(Excerpts from a dataset)
◇ ◇ ◇
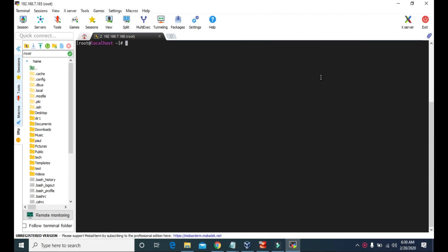Hello guys, welcome to TickVitals. Today we are going to look at pipes and redirections in Linux. Let's start with pipes.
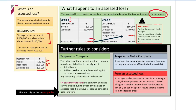The assessed loss is carried forward and deducted against your taxable income in future years. For example, in Year 1 we had a 20,000 loss. In Year 2, that balance of assessed loss is now deducted: income is 180,000, deductions are 130,000, and you deduct the 20,000 assessed loss to give us a taxable income of 30,000.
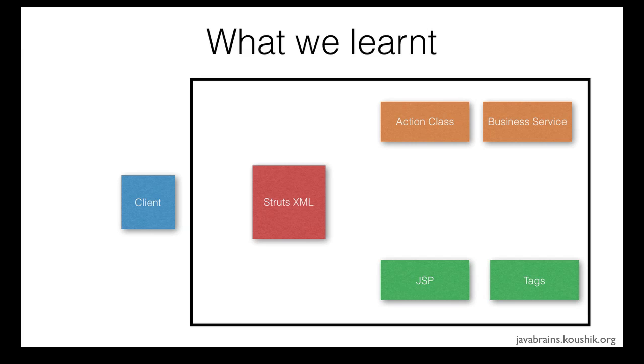We've learned about the value stack and how we can transfer data from an action class to the JSP. We learned how the action object gets stored on the value stack and how the value stack behaves as a virtual object that exposes all the member variables of the action object. We've also learned how the Struts tags access those member variables and display them in the JSP.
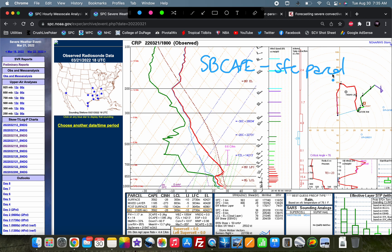The surface-based CAPE calculation uses only the temperature and dew point of the parcel at the surface. The way we make our parcel traces: we follow the dry adiabat up from the surface temperature, we follow the mixing ratio line up from the surface dew point, at which point they intersect — the lifted condensation level — and then we follow the moist adiabat up into the atmosphere. That is our surface-based parcel trace, used to calculate our surface-based CAPE, which is the positive area between when the parcel trace is warmer than the environmental temperature.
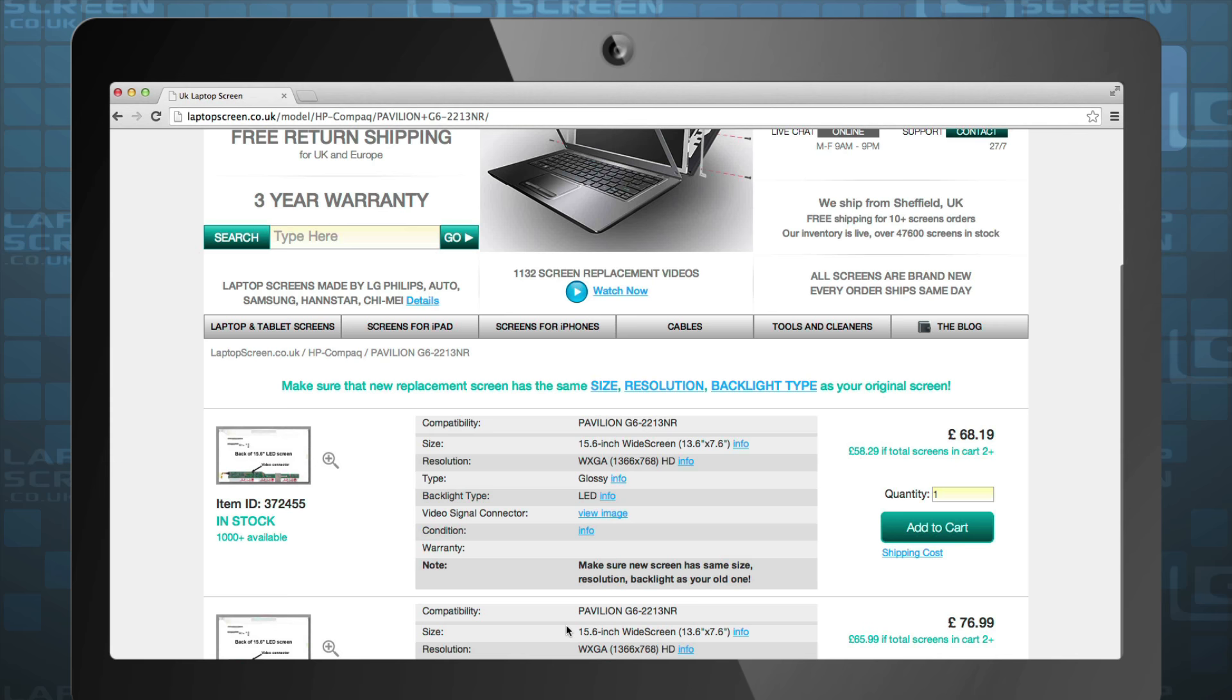However, if you see multiple sizes displayed, you must ensure you know the correct size of your original screen.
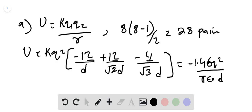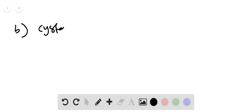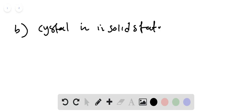For part B of the problem, in nature, the crystal is in a solid state of matter. So it is held together by electrostatic force. We can compare this with our result.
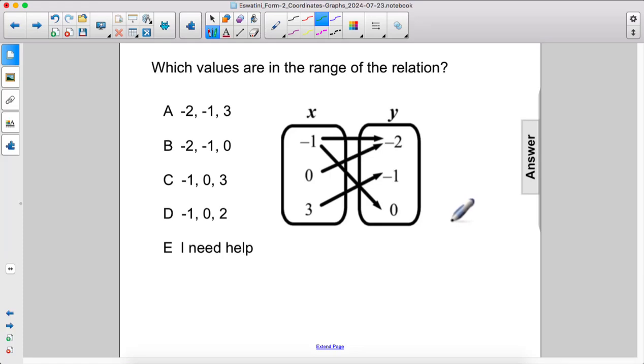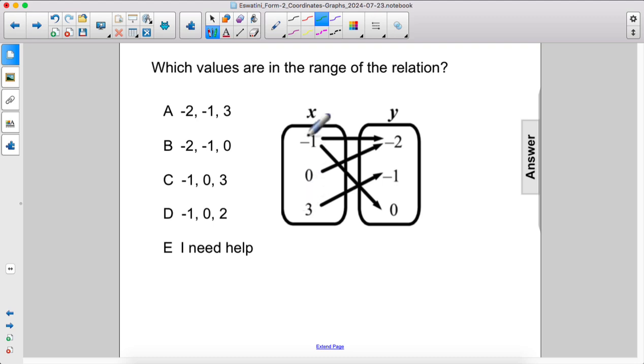Which values are in the range of the relation? Alright, so x is the domain, y is the range.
◇ ◇ ◇
## Exercise objective
In the copy, include exactly the lines from the one containing "For part B of" through the last line of the records, and no pictures or other text.

## Reply
For part B of the problem, in nature, the crystal is in a solid state of matter. So it is held together by electrostatic force. We can compare this with our result.
Which values are in the range of the relation? Alright, so x is the domain, y is the range.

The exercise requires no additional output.